Kahire 400 yıla yakın bir süre Osmanlı egemenliğinde kaldı.

Osmanlı İmparatorluğu döneminde hakimiyet altında bulunan ülkeler çok rahat ve güzel bir hayat yaşadılar. Daha sonra bu ülkeler teker teker imparatorluktan koptu ve kendi içlerinde çok şiddetli karışıklıklar, sömürgeci ülkeler tarafından işgaller yaşadıktan sonra cumhuriyet ilanıyla özgürlüklerini elde ettiler.

Mısır’ın yakın tarihine baktığımızda Hüsnü Mübarek’in 30 yıla yakın iktidarında yaşananların halkı meydanlara çıkarmaya yettiğini görüyoruz.

Hüsnü Mübarek dönemindeki dikta rejimi halkın daha da fakirleşmesine, zenginlerin de daha da zenginleşmesine neden oldu. Bu nedenle toplumda orta sınıf kalmadı ve sınıflar arası uçurum meydana geldi.

Mübarek döneminde 88 milletvekili ile en güçlü muhalefet ve demokratik bir örgütlenme olan Müslüman Kardeşler fakir halka sahip çıktı. Ücretsiz sağlık ve eğitim hizmeti vererek halkın güvenini ve sevgisini kazandı.

Hüsnü Mübarek iki nedenle iktidarı kaybetti, rejim baskısı ve yoksulluk…

Günümüze geldiğimizde Mısır’ın en etkili hareketi olan Müslüman Kardeşler yani İhvanü’l Müslimin’i görüyoruz. Yaklaşık 80 yılı aşan bir süredir diktatör rejimlere karşı can siperhane mücadele veren İhvan’ın ihlaslı çabası 2012 yılında meyvesini verdi.
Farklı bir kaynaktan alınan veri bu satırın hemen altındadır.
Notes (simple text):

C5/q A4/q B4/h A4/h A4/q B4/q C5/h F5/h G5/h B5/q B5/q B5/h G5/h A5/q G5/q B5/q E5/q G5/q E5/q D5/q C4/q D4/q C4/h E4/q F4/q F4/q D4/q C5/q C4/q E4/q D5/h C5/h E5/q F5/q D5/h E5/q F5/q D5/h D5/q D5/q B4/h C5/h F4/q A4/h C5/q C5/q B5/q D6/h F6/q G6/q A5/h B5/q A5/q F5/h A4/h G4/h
2011 yılında Hüsnü Mübarek’in devrilmesi ardından 2012 yılında yapılan Cumhurbaşkanlığı seçimlerini İhvan hareketinin adayı Muhammed Mursi kazandı.
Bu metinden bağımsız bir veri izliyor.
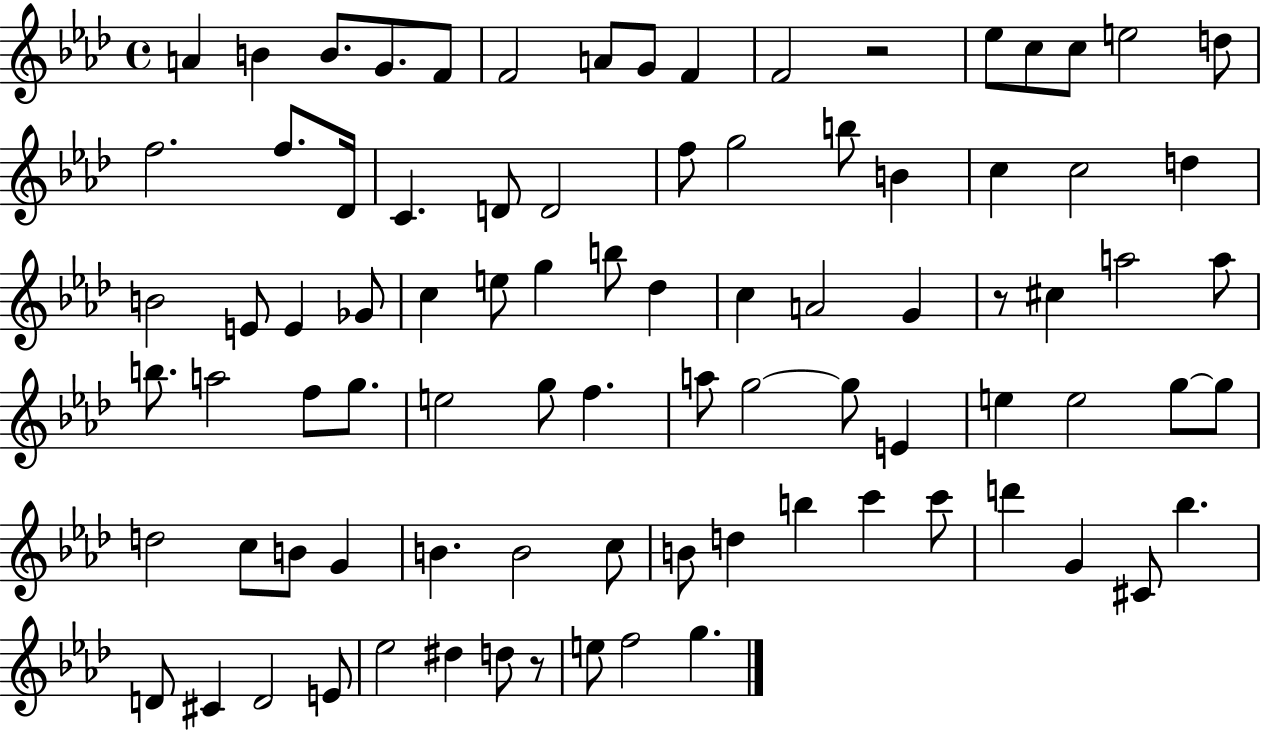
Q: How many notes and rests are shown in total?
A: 87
Ancak seçimlerin ardından İhvan’ı zor günler bekliyordu…

İhvan’ın da ülke yönetiminde şu ana kadar hiçbir tecrübesi yoktu. Devletin tüm kadrolarını oluşturan Mübarek yanlısı siyasetçiler ilk günden beri İhvan’ın aleyhinde davrandı.
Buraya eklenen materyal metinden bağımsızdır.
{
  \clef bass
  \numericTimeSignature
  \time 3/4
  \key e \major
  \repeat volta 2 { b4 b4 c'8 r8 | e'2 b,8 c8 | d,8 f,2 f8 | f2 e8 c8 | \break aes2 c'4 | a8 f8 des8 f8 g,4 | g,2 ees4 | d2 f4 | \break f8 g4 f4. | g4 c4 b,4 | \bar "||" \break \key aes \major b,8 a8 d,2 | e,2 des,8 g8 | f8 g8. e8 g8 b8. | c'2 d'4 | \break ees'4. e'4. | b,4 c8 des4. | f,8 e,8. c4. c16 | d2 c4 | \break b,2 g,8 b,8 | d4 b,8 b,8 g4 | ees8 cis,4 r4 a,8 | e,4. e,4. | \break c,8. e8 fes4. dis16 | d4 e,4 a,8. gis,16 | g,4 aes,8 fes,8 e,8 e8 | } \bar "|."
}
İhvan ülke yönetimine geldiğinde ekonomiyi toparlamaya başladı, kadınlara daha fazla özgürlük söyleminde bulundu, ancak bunların hiçbiri yeterli olmadı.

Çünkü Mübarek tabanlı siyasetçiler ve liberaller ülkede yasa çıkartacak parlamentonun kurulmasına izin vermedi, parlamento kurulamayınca ülkede reformlar yapacak yasalar yürürlüğe giremedi. Muhalefet tarafından çaresiz bırakılmaya çalışılan Mursi anayasa referandumuna kadar kendi kararlarını yargı müdahalesi olmadan uygulayacağını söylediğinde diktatör ilan edildi.

On milyon oyla seçmenin %35’inin desteğini arkasına alan İhvan hareketine karşı baskılar hiç dinmedi.

Muhalif medya ve derin devlet sadece Tahrir meydanındaki protestoları sanki ülke çapında bir ayaklanma varmış gibi gösterdiler.

Protestoları fırsat bilen Mübarek tabanlı ordu darbe yaptı. Batının rahatsız olmayacağı vasat bir iktidar ile azılı komünistleri başa getirdiler. Amerika ve Batı “darbe değil demokrasi geldi, çok güzel oldu, siz farkında değilsiniz” dedi. Siz yanlış anladınız deyip insanların aklıyla alay ettiler. Şu anda da halkını öldürmekten çekinmeyen komünist kökenli faşist darbeyi güzel sunmaya çalışıyorlar.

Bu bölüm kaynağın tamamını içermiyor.